README.md



NVIDIA Object Detection Toolkit (ODTK)

Fast and accurate single stage object detection with end-to-end GPU optimization.


Description

ODTK is a single shot object detector with various backbones and detection heads. This allows performance/accuracy trade-offs.

It is optimized for end-to-end GPU processing using:


The PyTorch deep learning framework with ONNX support
NVIDIA Apex for mixed precision and distributed training
NVIDIA DALI for optimized data pre-processing
NVIDIA TensorRT for high-performance inference
NVIDIA DeepStream for optimized real-time video streams support


Rotated bounding box detections

This repo now supports rotated bounding box detections. See rotated detections training and rotated detections inference documents for more information on how to use the --rotated-bbox command. 

Bounding box annotations are described by [x, y, w, h, theta]. 


Performance

The detection pipeline allows the user to select a specific backbone depending on the latency-accuracy trade-off preferred.
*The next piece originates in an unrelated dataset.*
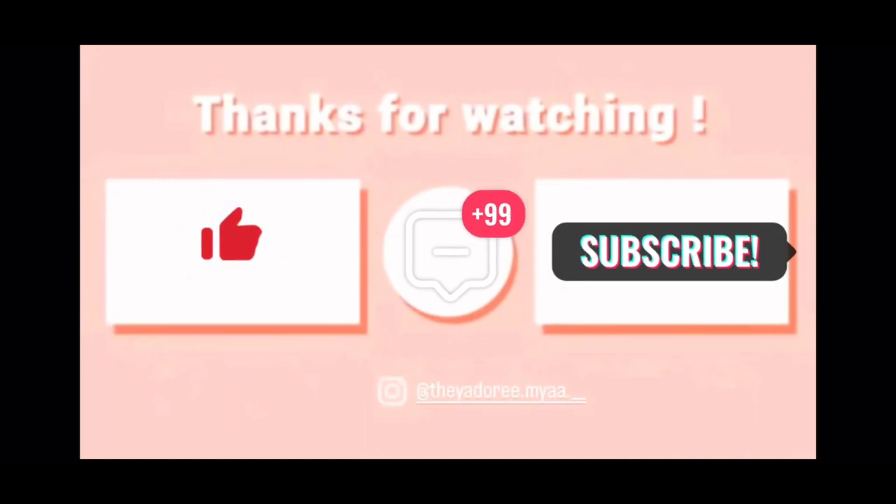I just wanted to come back on camera and show y'all what I got and add it to the video. But yeah, I'll see y'all next time — peace! Make sure you like, comment, and subscribe. See y'all next time, bye!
ODTK RetinaNet model accuracy and inference latency & FPS (frames per seconds) for COCO 2017 (train/val) after full training schedule. Inference results include bounding boxes post-processing for a batch size of 1. Inference measured at --resize 800 using --with-dali on a FP16 TensorRT engine.


Backbone
mAP @[IoU=0.50:0.95]
Training Time on DGX1v

Inference latency FP16 on V100

Inference latency INT8 on T4

Inference latency FP16 on A100

Inference latency INT8 on A100


ResNet18FPN
0.318
5 hrs
14 ms;71 FPS
18 ms;56 FPS
9 ms;110 FPS
7 ms;141 FPS


MobileNetV2FPN
0.333

14 ms;74 FPS
18 ms;56 FPS
9 ms;114 FPS
7 ms;138 FPS


ResNet34FPN
0.343
6 hrs
16 ms;64 FPS
20 ms;50 FPS
10 ms;103 FPS
7 ms;142 FPS


ResNet50FPN
0.358
7 hrs
18 ms;56 FPS
22 ms;45 FPS
11 ms;93 FPS
8 ms;129 FPS


ResNet101FPN
0.376
10 hrs
22 ms;46 FPS
27 ms;37 FPS
13 ms;78 FPS
9 ms;117 FPS


ResNet152FPN
0.393
12 hrs
26 ms;38 FPS
33 ms;31 FPS
15 ms;66 FPS
10 ms;103 FPS


Installation

For best performance, use the latest PyTorch NGC docker container. Clone this repository, build and run your own image:

git clone https://github.com/nvidia/retinanet-examples
docker build -t odtk:latest retinanet-examples/
docker run --gpus all --rm --ipc=host -it odtk:latest


Usage

Training, inference, evaluation and model export can be done through the odtk utility. 
For more details, including a list of parameters, please refer to the TRAINING and INFERENCE documentation.


Training

Train a detection model on COCO 2017 from pre-trained backbone:

odtk train retinanet_rn50fpn.pth --backbone ResNet50FPN \
    --images /coco/images/train2017/ --annotations /coco/annotations/instances_train2017.json \
    --val-images /coco/images/val2017/ --val-annotations /coco/annotations/instances_val2017.json


Fine Tuning

Fine-tune a pre-trained model on your dataset. In the example below we use Pascal VOC with JSON annotations:

odtk train model_mydataset.pth --backbone ResNet50FPN \
    --fine-tune retinanet_rn50fpn.pth \
    --classes 20 --iters 10000 --val-iters 1000 --lr 0.0005 \
    --resize 512 --jitter 480 640 --images /voc/JPEGImages/ \
    --annotations /voc/pascal_train2012.json --val-annotations /voc/pascal_val2012.json


Note: the shorter side of the input images will be resized to resize as long as the longer side doesn't get larger than max-size. During training, the images will be randomly randomly resized to a new size within the jitter range.


Inference

Evaluate your detection model on COCO 2017:

odtk infer retinanet_rn50fpn.pth --images /coco/images/val2017/ --annotations /coco/annotations/instances_val2017.json


Run inference on your dataset:

odtk infer retinanet_rn50fpn.pth --images /dataset/val --output detections.json


Optimized Inference with TensorRT

For faster inference, export the detection model to an optimized FP16 TensorRT engine:

odtk export model.pth engine.plan


Evaluate the model with TensorRT backend on COCO 2017:

odtk infer engine.plan --images /coco/images/val2017/ --annotations /coco/annotations/instances_val2017.json


INT8 Inference with TensorRT

For even faster inference, do INT8 calibration to create an optimized INT8 TensorRT engine:

odtk export model.pth engine.plan --int8 --calibration-images /coco/images/val2017/


This will create an INT8CalibrationTable file that can be used to create INT8 TensorRT engines for the same model later on without needing to do calibration.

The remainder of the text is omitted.